19 Mart 2010 Cuma

Kültür Bakan(lığ)ı Kadar Olamamak!!!


Sosyologlar unvan kadrolarıyla ağırlıklı olarak Adalet Bakanlığı CTE ve Başbakanlık SHÇEK Genel Müdürlükleri bünyesinde çalışmaktadır.
Kütüphaneci, Arşivci, Kitap Patoloğu ve Sosyologların THS geçişleriyle ilgili YÖK Yürütme Kurulu 10 Şubat 2010, YÖK 05 Mart 2010 günü karar aldı.
Bu kararlar (yazılar) aynı gün konunun ilgilisi kurumların (Maliye-DPB) evrak kaydına giriş yapıldı.
SHÇEK'in durumdan memnuniyetsizliği ve harekete geçirilemez yapısı gözönünde bulundurulduğunda hem sorunu çözmek için (sözde) irade ortaya koyduğunu ihsas ettiği için hem de kamuda sayısal olarak en fazla kadroyu bünyesinde barındırdığından CTE'nin Maliye ve DPB'ye yazı yazması gerekiyordu.
YÖK'ün Cuma günü (05/03) alınan karar metni CTE'ye Pazartesi günü (08/03) ulaştırıldı; hem de DPB'nin nasıl bir yazı istediği en yetkin ağızdan öğrenilerek bu format iletildi. Nerdeyse imza hariç her şey hazırlandı. En üst makamlar ve yetkili imzalar yazıyı görüp çıkması için sözlü talimatı verdiler.
Bu gün yazının yazdırılışının on beşinci günü. Yazı yazmayı 'beceremeyen' demek bile yetersiz kalacağından o işe girişmeyeceğim; doğrusu hazırlanan bir yazıya imza atma becerisi gösteremeyen kendini idareci zanneden, bulundukları yere liyakat hariç her türlü yolları deneyerek gelen 'kifayetsiz muhteris' tiplerin gerekçesiz bir engellemenin basitliğini yaşamak bir yana bu yaptıklarıyla binlerce insanı ilgilendiren bir kararın olumsuzluğunun başrol oyuncusu olduğunu bilmekten uzak olduğu düşünülebilir mi? yazının geciktirilmesiyle memurlar.net'in haber pejmurdeliği arasındaki illiyet gözlerden uzak tutulmamalı.

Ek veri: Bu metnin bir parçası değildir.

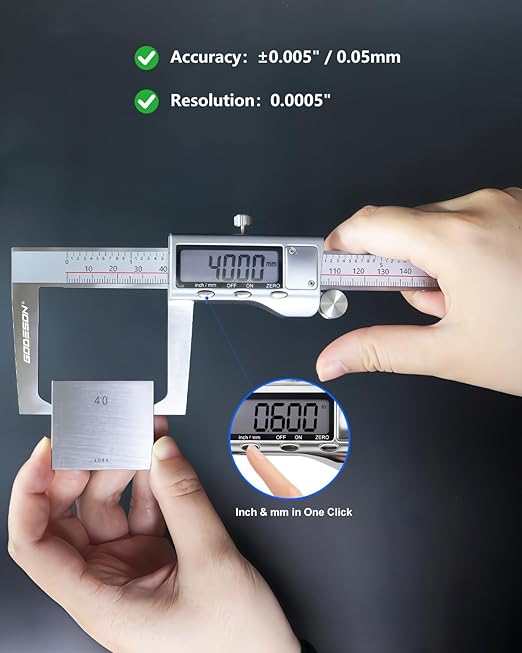 Digital Caliper 12 inch with Outer Groove, Brake Disc Rotor measuring tool, Stainless Steel Digital Calipers for 3D Printing & DIY, LCD Display, Inch/MM Units, Auto-Off, Rubberized Grip & Storage Case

 bu durumu bir yere kadar anlayabiliriz; ya sosyoloji derneğinin sosyologların ths'ye geçmeleri için Kültür-Sanat Sen'in yazılarına benzer bir yazı yazmalarının uygun olacağı istemine derneğin en üst mekanizmasının bu yazıyı yazamayacaklarını, denetim geçirdiklerini söylemelerini kim nasıl anlayabilir.. eylemlerini birilerinin "gözüne batma"yı önemsedikleri kadar, hitap ettikleri sosyologların "gözünden düşme"yi hesap ederek yapsalardı şimdi çok farklı yerlerde olunabilirdi.

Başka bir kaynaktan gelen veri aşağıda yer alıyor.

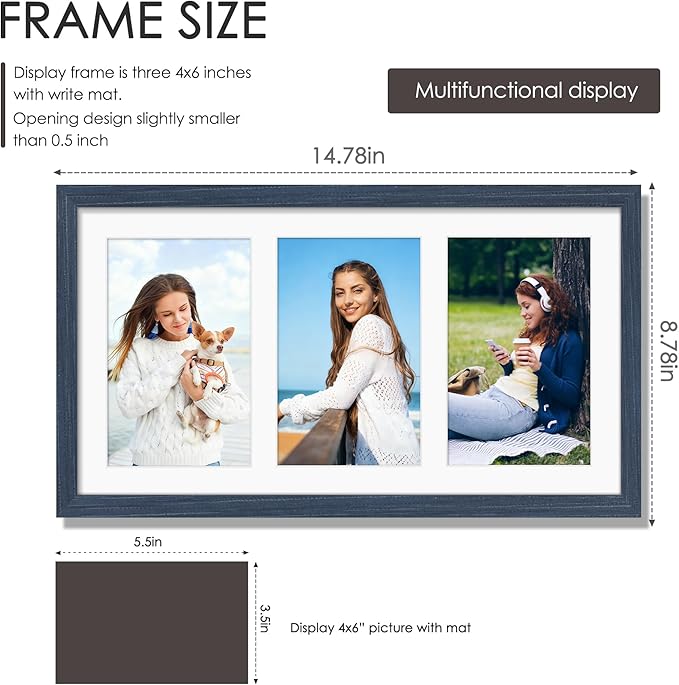 8x14 Collage Picture Frame 4x6 Collage Picture Frame Displays Three 4x6 inch Photos or 8x14 (Without Mat) for Available Horizontal Wall Mounting Display and Vertical Navy Blue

şimdi de bu karamsar tabloyu dağıtacak gelişmeyi aktaralım.
Kültür Bakan(lığ)ı bu konuyu ne kadar önemsediğini başka vesileyle Meclisteki tavrıyla göstermişti. Şimdi de olaya ne kadar eğildiğini ve hazırlıklı olduğunu anlıyoruz.
Şöyle ki,
YÖK'ün kararının hemen sonrasında Kültür Bakanlığı 16 Mart 2010 tarihinde bizzat Ertuğrul Günay imzasıyla Maliye Bakanlığı ve Devlet Personel Başkanlığına "gerekli" yazıyı yazmış ve aynı tarihte yazının kuruma girişini temin etmiş. (Dikkat diğerleri Bakan yerine Bakan adına yazı göndermeyi tercih ederkin bizzat kendisi imzalamış) İşi o kadar önemsemiş ki, yazının ekinde 23 sayfalık gerekçeler ve raporlar yazmış. Bununla yetinmeyip mütemadiyen kurumları sıkıştırmaktaymış ve yazı bakın işin aciliyetini nasıl belirterek bitmiş: "Bilgilerinizi ve konu ile ilgili görüşlerinizin, ivedilikle Bakanlığımıza gönderilmesini arz/rica ederim."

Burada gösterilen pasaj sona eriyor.